Characterization of Residential Wood Combustion Particles Using the Two-Wavelength Aethalometer

Abstract

In the United States, residential wood combustion (RWC) is responsible for 7.0% of the national primary PM(2.5) emissions. Exposure to RWC smoke represents a potential human health hazard. Organic components of wood smoke particles absorb light at 370 nm more effectively than 880 nm in two-wavelength aethalometer measurements. This enhanced absorption (Delta-C = BC(370 nm) - BC(880 nm)) can serve as an indicator of RWC particles. In this study, aethalometer Delta-C data along with measurements of molecular markers and potassium in PM(2.5) were used to identify the presence of airborne RWC particles in Rochester, NY. The aethalometer data were corrected for the loading effect. Delta-C was found to strongly correlate with wood smoke markers (levoglucosan and potassium) during the heating season.
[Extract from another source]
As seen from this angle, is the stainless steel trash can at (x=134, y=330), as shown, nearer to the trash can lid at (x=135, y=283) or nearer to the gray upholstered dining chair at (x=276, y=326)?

No statistically significant correlation was found between Delta-C and vehicle exhaust markers. The Delta-C values were substantially higher during winter compared to summer. The winter diurnal pattern showed an evening peak around 21:00 that was particularly enhanced on weekends. A relationship between Delta-C and PM(2.5) was found that permits the estimation of the contribution of RWC particles to the PM mass. RWC contributed 17.3% to the PM(2.5) concentration during the winter. Exponential decay was a good estimator for predicting Delta-C concentrations at different winter precipitation rates and different wind speeds. Delta-C was also sensitive to remote forest fire smoke.